In the Netherlands, it was the determination of some Dutch citizens that forced the government to hold a referendum in April 2016 on the EU’s association agreement with Ukraine. The government lost the referendum and those involved in organising the “No” campaign spoke openly about it being a “warm-up” event for a referendum on the country’s EU membership. Under Dutch law, referendums with constitutional implications can only be organised if a two-thirds majority is secured in parliament. The far-right leader, Wilders, tried to pass such a motion this year but failed. Next spring, when the composition of the parliament could be quite different, he may try again.

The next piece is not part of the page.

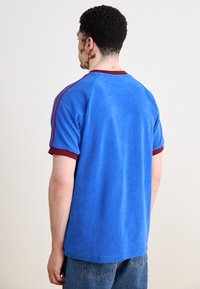 adidas Originals CALI TEE - T-shirt estampada - blue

In France, Le Pen has made no efforts to hide her negative views of the EU. She has been a vocal proponent of “Frexit”—a French exit from the EU—and has committed the Front National to organising a referendum on France’s EU membership. The Italian opposition is scathing about the euro and has promised a referendum on eurozone membership. The M5S has been vague about its position in such a vote but Grillo has for years demanded a return of “monetary sovereignty” for Italy. Leaving the euro would be far harder to engineer and to manage than the UK’s exit from the bloc. There is no legal basis for it (unlike Article 50 for Brexit) and were any eurozone member state even to think seriously of returning to a national currency, all those with euros in that country would take them abroad. This would mean a bank run, and a crisis for the currency far more serious than that which Greece presented in the summer of 2015. Brexit is nothing compared to this messy unravelling which is why the eurozone is likely to limp on for some time.

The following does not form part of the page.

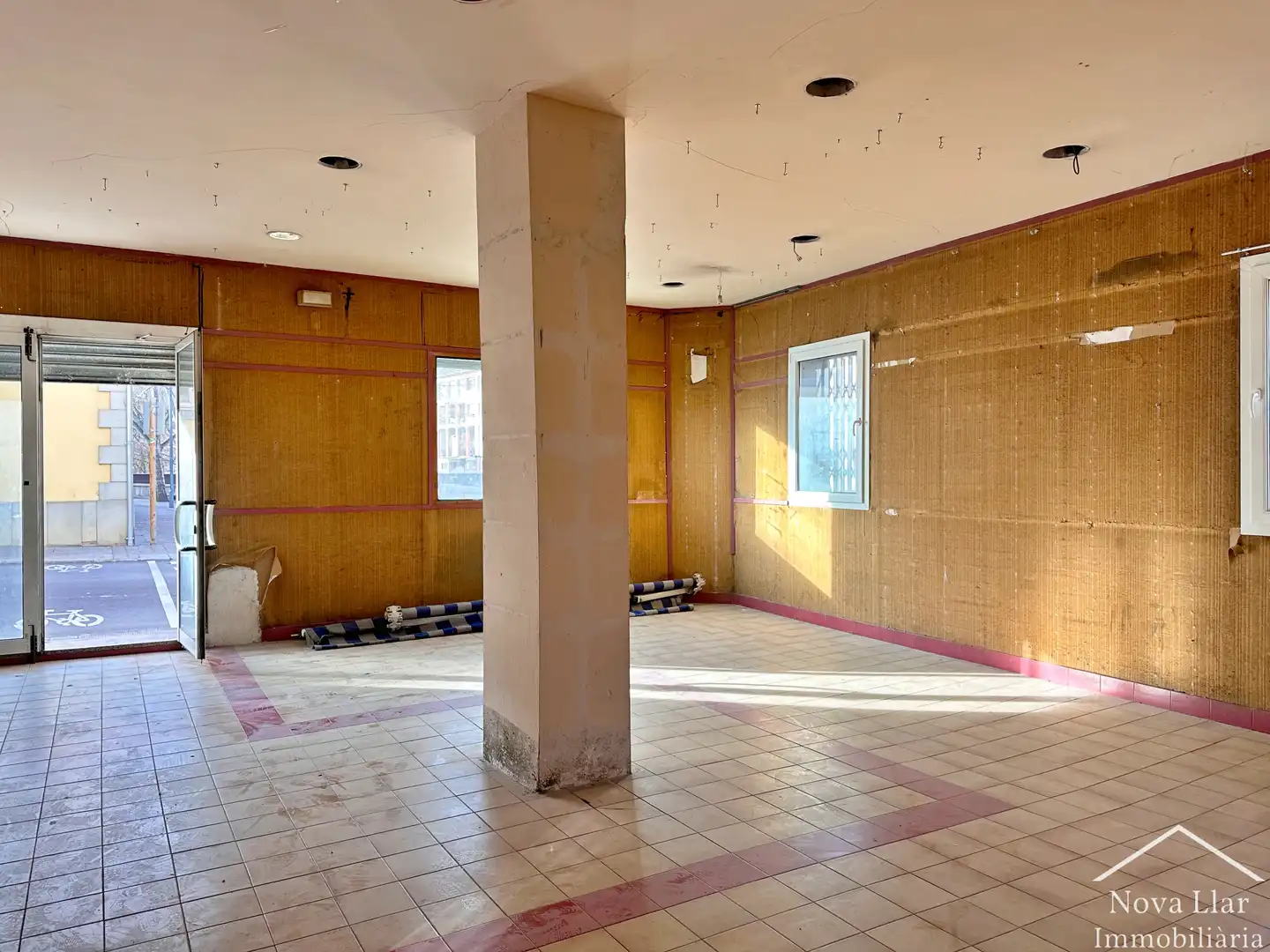 Local comercial en venda a Ripoll, imagen 4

The “great revolt” is already transforming the EU from within. In a referendum on 2nd October, Hungarians were asked to vote on the EU’s refugee quotas. A vast majority of those who participated rejected the EU’s policy, but the turnout was extremely low—so low in fact that the result was not binding on the government. This reminds us of another important characteristic of “the void”: the withdrawal of citizens into their private spheres, resulting in apathy and disengagement. Nevertheless, the rising popularity of national referendums is injecting politics into the EU’s institutional structures, which for so long have thrived on the opposite logic of depoliticisation. The apathy that we see in Hungary may mean the EU is off the hook for a while, but it would be wrong to confuse such acquiescence with actual support for the project of “ever closer union.”
Beneath the mainstreaming of Euroscepticism and its challenge to the EU lies a deeper transformation in the very structure of political competition in Europe. The 20th century was characterised by the victory of party democracy as the dominant model of politics: parties, often with sizeable memberships, would compete for votes on the basis of very different programmes. Politics was a clash of ideas and political traditions: social democrats, Christian democrats and communists would argue with each other about their visions for the future. Other actors, such as the church, trade unions, business associations, were part of the debate. Individuals mattered but ideas mattered more.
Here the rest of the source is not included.